Addressing the abandoned
Minot’s effort to address abandoned and neglected properties needs to become more strategic and organized, a city committee decided Wednesday.
The Minot City Council’s Public Works and Safety Committee voted to direct city staff to develop a plan and process for taking action against derelict properties, based on criteria set out by the committee. The criteria include classifying houses based on structural defects, weeds, health and safety and determining which houses should be demolished and which should be rehabilitated. Each property would be on a timeline, based on the seriousness of its condition.
Council member and committee chairman Scott Knudsvig proposed the initial criteria. He said city staff has been addressing problems, but the criteria can help direct those efforts.
Shaun Sipma, spokesman for a citizens group concerned about homes abandoned after the 2011 flood, said the group stands ready to assist in being the eyes in the neighborhoods, ensuring that properties are identified and alerting the city to the status of an owner’s progress on a targeted property.
“This isn’t a witch hunt. We are not going after a bunch of homeowners who don’t have the resources to rebuild these houses to kick someone when they are down,” Sipma said. Rather, he said, financial institutions or others with resources to take care of these properties should be reminded of their obligations.

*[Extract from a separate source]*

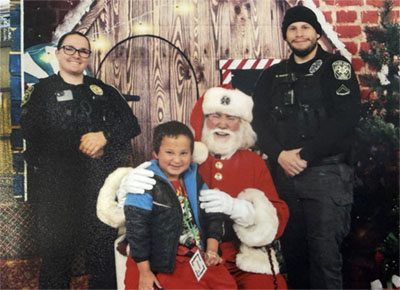 Santa and child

He also urged the city to step up its efforts.
“Over the last three years, we have seen the deterioration of these homes continue. Hundreds of these homes really haven’t gotten any better. I think the hope of seeing progress is past,” he said. “In three years, if nothing has been done, nothing is going to be done.”

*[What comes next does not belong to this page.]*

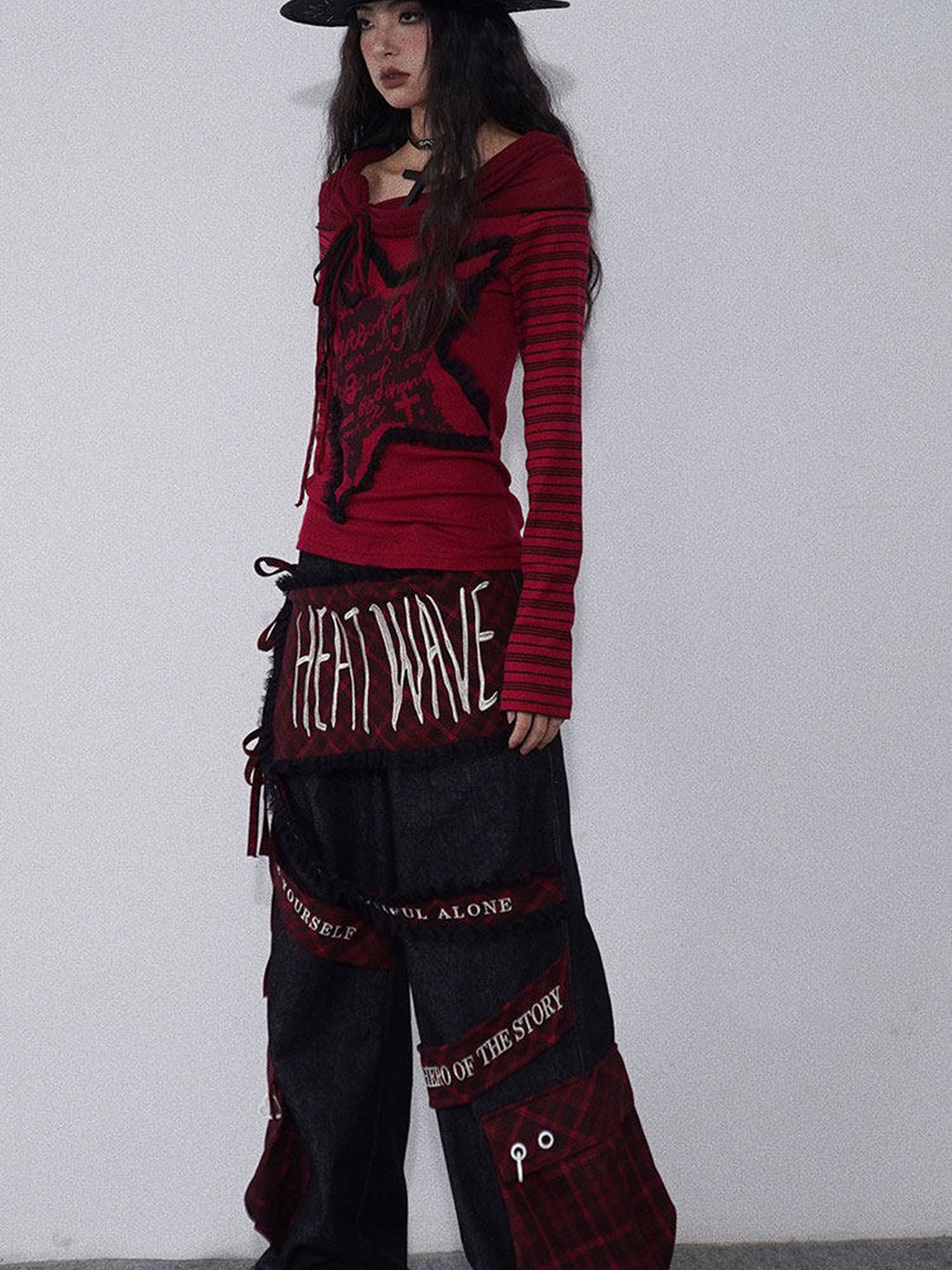 Gothic Asymmetric Graphic Panel Top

Information provided in a memo to the committee stated that one resident documented more than 300 properties in various states of disrepair. City engineer Lance Meyer said the city has identified more than 70 properties that need attention and has been refining that list and prioritizing properties to address the most serious issues first.
Council member Dave Lehner said he is concerned that banks have five years to dispose of properties that come into their possession. He presented the scenario of a homeowner who hangs onto a property and does nothing for three years before losing the property to a bank, which has another five years in which it may do nothing.
City attorney Colleen Auer said an owner is accountable to keep a property in compliance with housing code, regardless of who the owner is. The city can take a violator to court to enforce an abatement order.
Auer said the city has authority to declare a health and safety violation if there are structural issues. If there are environmental issues, then First District Health Unit gets involved. Lehner asked about getting into homes to determine whether a health issue exists, and Auer responded that it can be done through an administrative warrant.
The city and First District have been tap-dancing around who should be seeking warrants, she said.
“We need to get past that,” she said. “We, the city, will do everything in our power to move that forward.”
She said the city would urge First District to stand behind it on any warrant actions, adding, “As long as our interests are aligned and they are and we are motivated to get this done, then we can make it happen.”